Molto bene, e forse vale persino la pena morire non da ribelle, ma per l’istituzione di un “teorema estetico”… un miliziano quale martire dell’arte a venire? Invece credo esista una quotidianità offesa che i fotografi più lucidi non si sono esonerati dal riprendere, consapevoli che più del godimento estetico era la conoscenza dei fatti che andava promossa nell’anima dei loro pubblici. La verità a tutti i costi! Altro che la bellezza… e ciò non significa che debbano escludersi a vicenda.

 

Mentre l’ennesimo morto di fame piange la sua miseria, i critici da salotto discutono dei toni e dell’inquadratura, o misurano per lungo e per largo l’immagine nell’intento di stabilire un prezziario preciso – del resto si sono dati un prezzo anche loro e non riescono neppure ad immaginare che esista un’esistenza al di là del lucro –, perché nel mondo in cui sono professori nessuno ha il diritto di farsi vedere se non è “ben vestito”: mio miliziano muori pure ma fallo con stile! (non sorridiamo, poiché cascano in questo tranello non poche giurie di prestigiosi premi dedicati al fotogiornalismo).

Forse Sgarbi vede il soldato ben posizionato sulla diagonale del fotogramma e non un uomo che offre se stesso in sacrificio per una libertà che è sempre in ritardo.

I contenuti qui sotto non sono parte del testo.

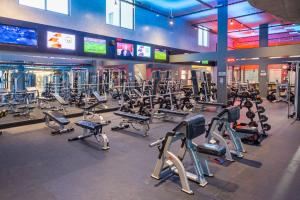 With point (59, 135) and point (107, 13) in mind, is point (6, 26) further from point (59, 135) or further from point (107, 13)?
point (107, 13)

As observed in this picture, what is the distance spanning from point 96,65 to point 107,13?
3.21 meters

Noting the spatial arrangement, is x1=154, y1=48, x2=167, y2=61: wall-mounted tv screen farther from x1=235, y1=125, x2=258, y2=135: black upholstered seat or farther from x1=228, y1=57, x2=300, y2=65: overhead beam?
x1=235, y1=125, x2=258, y2=135: black upholstered seat

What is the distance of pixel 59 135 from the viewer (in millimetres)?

Forse vicino agli atelier ci si dimentica che le fotografie non sono quadri, e che soprattutto il reportage non è pittura… neppure arte! Lì c’è un reporter che per spingersi sempre un passo oltre prima o poi ci lascia le penne (a Capa capitò nel 1954); c’è il desiderio di far sapere cosa accade nel mondo perché qualcuno possa porre rimedio all’infamia di cui l’uomo è solito fregiarsi; e c’è un pubblico che mediante l’immagine si forma un’opinione: qui lo specifico della fotografia rispetto alla pittura se non al cinema. Perciò non c’è tanto l’arte quanto invece la politica, non soltanto lo stile ma anzitempo l’etica.

 

Sebbene esista una dimensione estetica anche nel fotogiornalismo, ed esista un’innegabile fascinazione per le forme che prescinde dall’orrenda realtà che testimoniano, continuare a parlare di reportage come se si stesse parlando semplicemente di estro è un’operazione assai imprudente. Cerchiamo di non dimenticare che o il reporter sposa la realtà o tradisce il suo mestiere, e se è vero che l’immagine non potrà mai essere obiettiva, che almeno sia onesta. È chiaro che una fotografia non è solamente ciò che mostra, e che anzi rettifica la realtà dei fatti mostrandocene un distillato, ma è su ciò che si forma l’opinione pubblica… l’arte avrà altri spazi per nutrire la propria vanità. Ahimé sono proprio questi sguardi ad aver sedotto i reporter più affamati con la promessa indebita di una morte in galleria, e ormai non si contano i reportage prodotti per questo circuito – e in ciò sottratti all’orizzonte pubblico entro cui dovrebbero circolare. 

Per quel che mi riguarda, il tempo m’ha convinto che se non c’è verità non c’è reportage, e siccome la verità è un prodotto poco commerciabile, certuni non osano discuterne. Quarant’anni d’esperienza per non riuscire a distinguere un dipinto da una fotografia? Mi dispiace, forse il mio rammarico è partigiano, ma mi duole sapere che il destino della fotografia italiana possa dipendere anche da queste persone.